Feature Name: Low-latency CHANGEFEEDs (take 3)
Status: draft
Start Date: 2023-03-28
Authors: Andrew Werner
RFC PR: TODO
Cockroach Issue: #36289

Summary

In the steady state, Cockroach CHANGEFEEDs have high commit-to-emit latency. For correctness, the CHANGEFEED must have an up-to-date view of the catalog metadata required to interpret an event. Generally, CHANGEFEED events are frequent and schema changes are rare; it's worth it to make schema changes more expensive for better CHANGEFEEDs. This RFC leverages the existing descriptor leasing protocol and its two-version invariant to shift the coordination burden from the CHANGEFEED to the schema changes.

A limitation of this design is that users will need to explicitly "lock" tables for which data should be low-latency, which will prevent or degrade the ability to perform schema changes on those tables. In the simplest form, tables which are locked cannot be changes. In the more advanced form, only the declarative schema changer will know how to interact with those tables.

The end result will be that in the steady state, a CHANGEFEED on a locked table will not need to wait to emit rows, reducing the latency from ~1s to ~5ms.

Motivation

CHANGEFEEDs must wait to know that a schema change has not occurred before being able to emit a row sent from a rangefeed. A schema change may prevent a row from being emitted due to a need to run a backfill, fail, or change the interpretation of that row1. This currently works by blocking, and buffering, events emitted from a rangefeed to the a CHANGEFEED processor and waiting until the schema at the timestamp of the event has been "proven". This process of proving the schema involves polling the complete set of descriptors at a frequency controlled by the changefeed.experimental_poll_interval cluster setting (which defaults to 1 second).

In most settings, at least, settings running CHANGEFEEDs, we would rather force schema changes to do more work in order to avoid the need to wait for anything before emitting a CHANGEFEED row.

Technical design

This RFC leverages the descriptor leasing protocol and some associated descriptor state to mark a descriptor version as locked for virtual changes. In order to perform a schema changer, the transaction performing the schema change must first unlock the descriptor by publishing a new descriptor version which is not locked. A CHANGEFEED which holds a lease on a locked descriptor knows that any row which is seen in the validity interval of a held lease can be interpreted with any descriptor which can be leased for that row's timestamp. Schema changes leverage child transactions to unlock descriptors during transaction execution. In effect, descriptor locks turn two-version leases into single-version leases; if a lease is held for a locked descriptor, the subsequent version and the preceding version are known to be logically equivalent.

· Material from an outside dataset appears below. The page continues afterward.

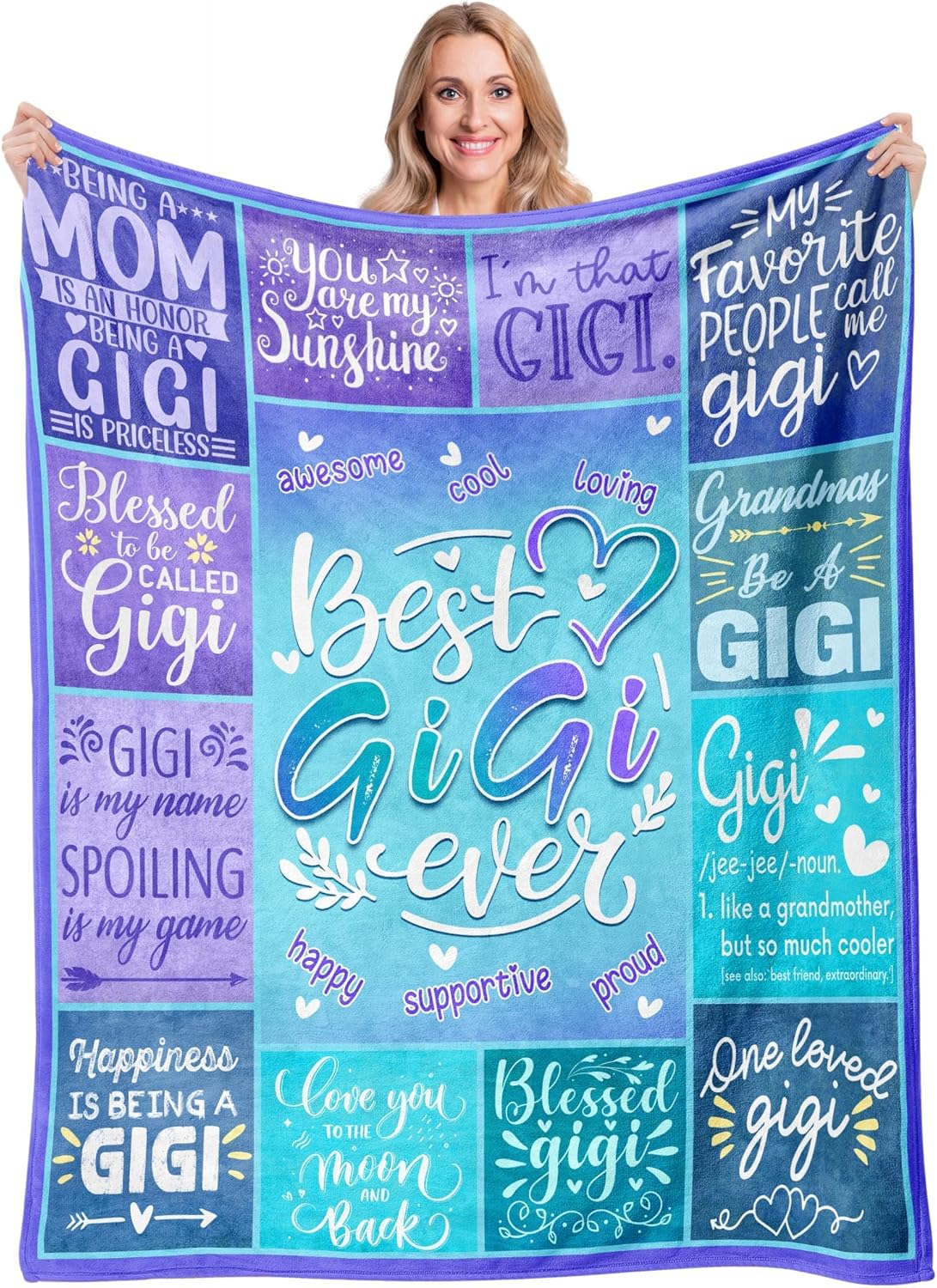 Gigi Gifts, Gigi Gifts for Grandma, Best Gigi Ever Gifts, Birthday Gifts for Gigi, Gift for Gigi from Grandkids Granddaughter, Gigi Gift for Christmas Mothers Day Throw Blanket 50"x60"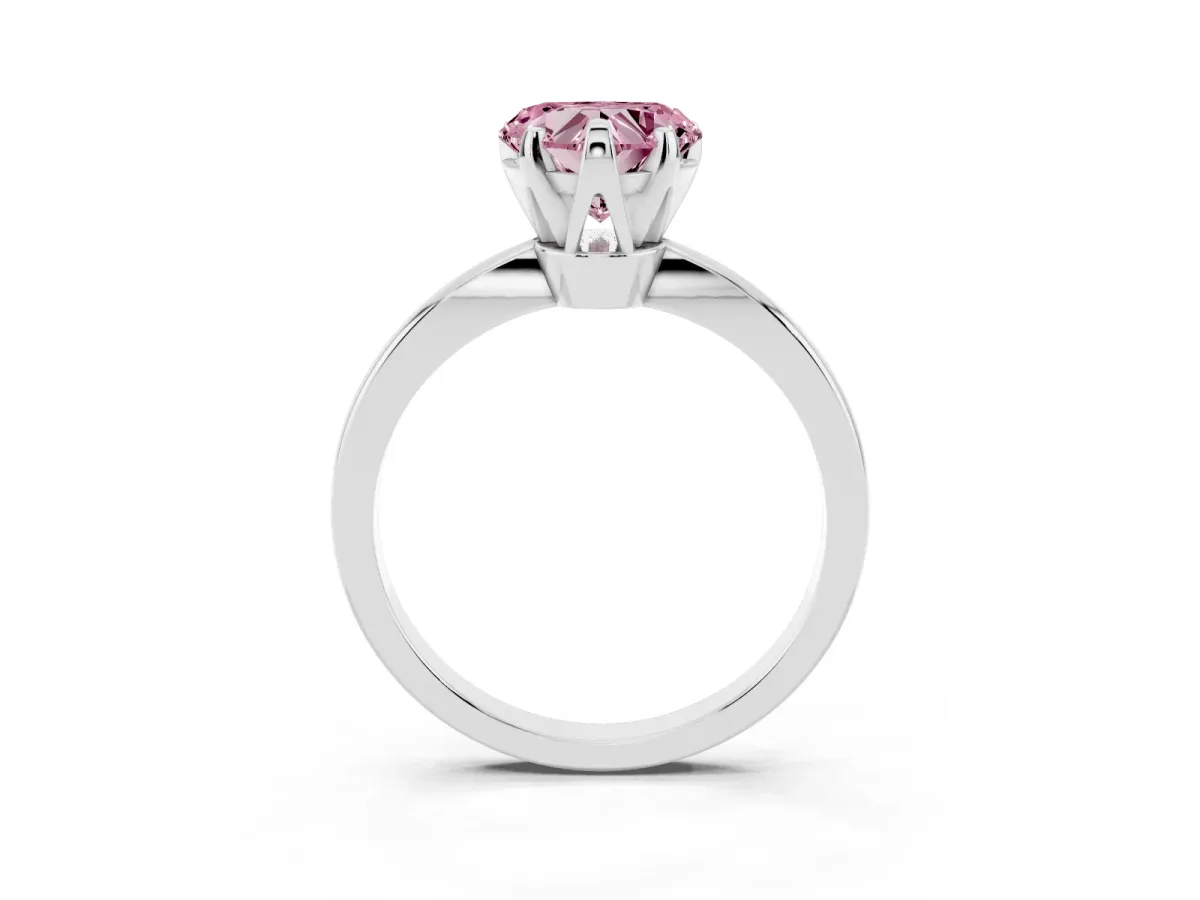 Fancy Pink Heart Cut Solitaire Engagement Ring with Six-Prong Setting and Tapered Band Silver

This proposal has two distinct phases:

Phase 1: Implement explicit schema change locking for low-latency.
Phase 2: Augment (declarative) schema changes to operate on locked descriptors.

In Phase 1, there will be a new table storage parameter changefeed_optimized which will prevent most schema changes from operating on that table. In order to perform a schema change, one will need to remove the parameter from the table.

In Phase 2, schema changes supported by the declarative schema changer will be supported even on tables with changefeed_optimized. While that schema change is running, the latency from commit-to-emit may be elevated.

Upon completion of the declarative schema changer, all schema changes should be supported for changefeed_optimized tables, and, potentially, that could become the default.

Background

Some `CHANGEFEED` background: SchemaFeed

The SchemaFeed abstraction is the mechanism by which the CHANGEFEED "proves" that it knows the up-to-date schema for an event at a given timestamp. This is implemented today with the above described polling 2. The RFC here will propose a richer implementation of this interface by wrapping the existing implementation and determining when it can avoid calling into the poller.

// SchemaFeed is a stream of events corresponding the relevant set of
// descriptors.
type SchemaFeed interface {
	// Peek returns events occurring up to atOrBefore.
	Peek(ctx context.Context, atOrBefore hlc.Timestamp) (events []TableEvent, err error)
	// Pop returns events occurring up to atOrBefore and removes them from the feed.
	Pop(ctx context.Context, atOrBefore hlc.Timestamp) (events []TableEvent, err error)
}

Reminders on descriptor leases

Online schema changes work by decomposing operations into a sequence of state changes to descriptors. Each adjacent pair of versions of the descriptor are mutually compatible, at least while leases exist on the earlier version. A transaction may only transition a descriptor by one version at a time. Between version-incrementing transactions, all leases on the previous version must be drained. This protocol ensures the "two-version invariant" of descriptors:

At most two versions of a descriptor may be held by an active lease.
The versions which may be leased are the current version and its predecessor.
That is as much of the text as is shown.